Why does my stack have an extra 4 bytes? Digging into Clang's return value implementation
I was futzing around with some C code a few days ago and noticed that
executables generated by Clang would sometimes have an
extra 4 bytes on the stack. This was just for the main
function. We can
verify this is Compiler Explorer. Try switching
to GCC and this doesn’t happen. This was interesting, so
I spent a few hours over the holiday digging into why and how this happens. For
the remainder of this post we will be using these 3 examples, which you can play
with in Compiler Explorer.
The terminology will become clear as we go along. This is my first time digging
into LLVM’s sources, and my first time reading about SSA form. I’m going to do
a lot of hand-waving in pursuit of the goal. To follow along in LLVM IR, you
can add -emit-llvm
to the “Compiler options…” text field.
So where do we start from? Some preliminary Google searching only revealed this mailing list post.1 Of course, when I started down this rabbit-hole, I only had the dominating multiple store example, since that is the canonical way to write main() in modern C. So the mailing list reply didn’t make complete sense.

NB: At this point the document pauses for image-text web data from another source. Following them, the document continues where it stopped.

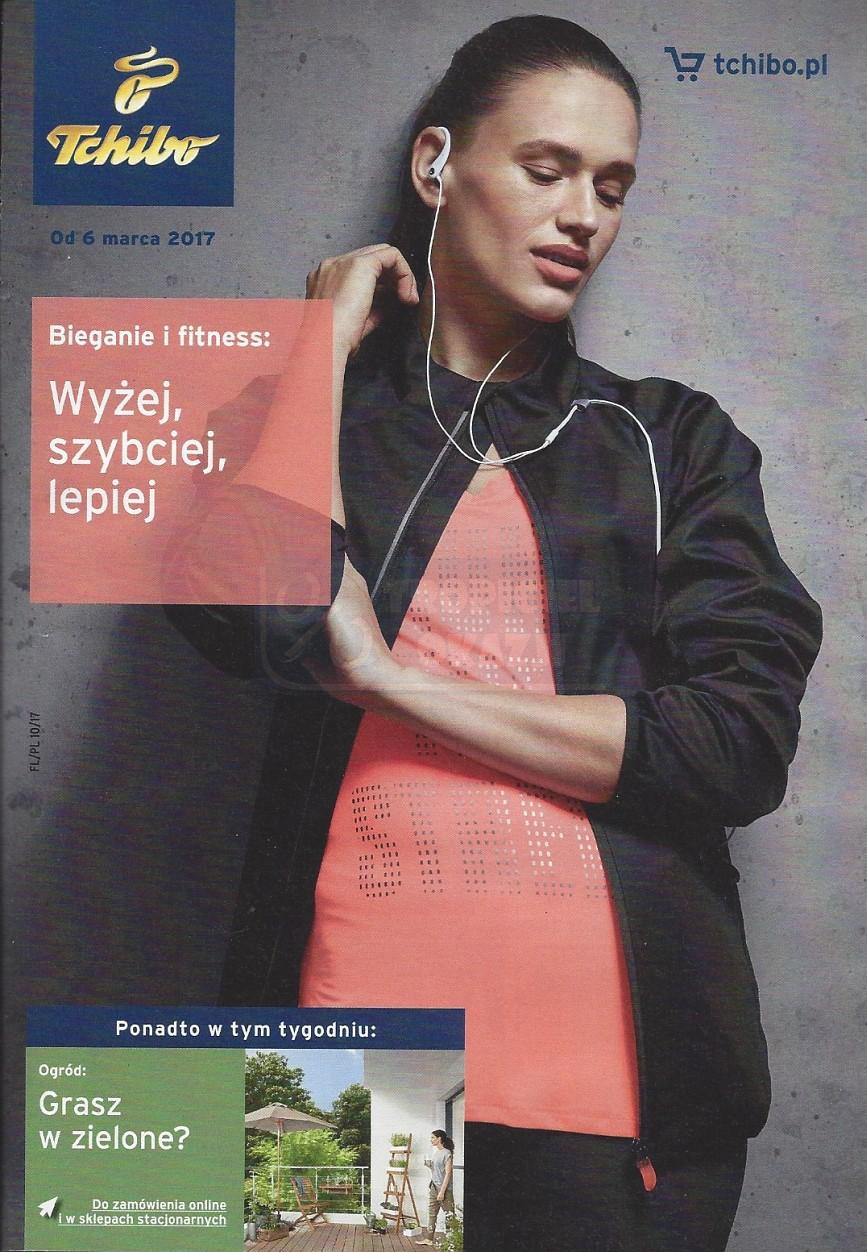 Gazetka promocyjna Tchibo do 19/03/2017 str.0
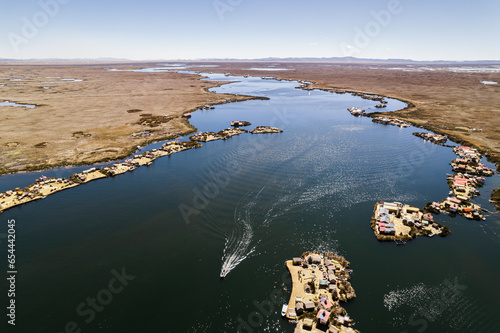 Fényképezés Isla Urus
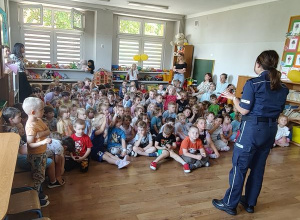 Bezpieczne wakacje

Yes. We allocate an implicit local variable to hold the return value; return statements then just initialize the return slot and jump to the epilogue, where the slot is loaded and returned.
Clearly the slot was being allocated (dword ptr [rbp - 4]
is the slot,
dword ptr [rbp - 8]
is int s
), but the function epilogue was never loading
it into eax
where the return value is expected.
If we go to dominating single store next, the slot is gone!
Finally, in the non-dominating store the slot is present and it is actually used in the epilogue, with both return branches setting it to the requisite value. This is fascinating!
Reserving some space
Why does the first example have stack space, but not use it, while the second doesn’t use it at all, and the third uses it as we expect?
Let’s track down the place the slot is actually reserved. This is done while emitting the function
prolog,
If the function declaration’s HasImplicitReturnZero
attribute is set,
a store
is generated that puts Zero
in ReturnValue
.
This is responsible for the LLVM IR:
store i32 0, i32* %1, align 4
or the corresponding assembly
mov dword ptr [rbp - 4], 0
Enforcing the standards
The HasImplicitReturnZero
attribute is set in Clang’s Sema component. It
seems to be in charge of enforcing various C/C++ spec semantics. One of the
rules is that the main
function must have a return value of int
, and if the
code falls through to the end, this return value must be zero. This is handled
here.
Pruning in the epilogue
The prologue generator unconditionally adds the return value slot to main()
.
Where does it go? Well, the epilogue generation performs some analysis and
removes it. This stage explains all the differences we are seeing in our three
samples. Essentially, Clang is doing some of its own optimizations before LLVM
kicks in. I’m not sure why. Here is code for the cases we care
about:
// If there is a dominating store to ReturnValue, we can elide
// the load, zap the store, and usually zap the alloca.
if (llvm::StoreInst *SI =
findDominatingStoreToReturnValue(*this)) {
// Reuse the debug location from the store unless there is
// cleanup code to be emitted between the store and return
// instruction.
if (EmitRetDbgLoc && !AutoreleaseResult)
RetDbgLoc = SI->getDebugLoc();
// Get the stored value and nuke the now-dead store.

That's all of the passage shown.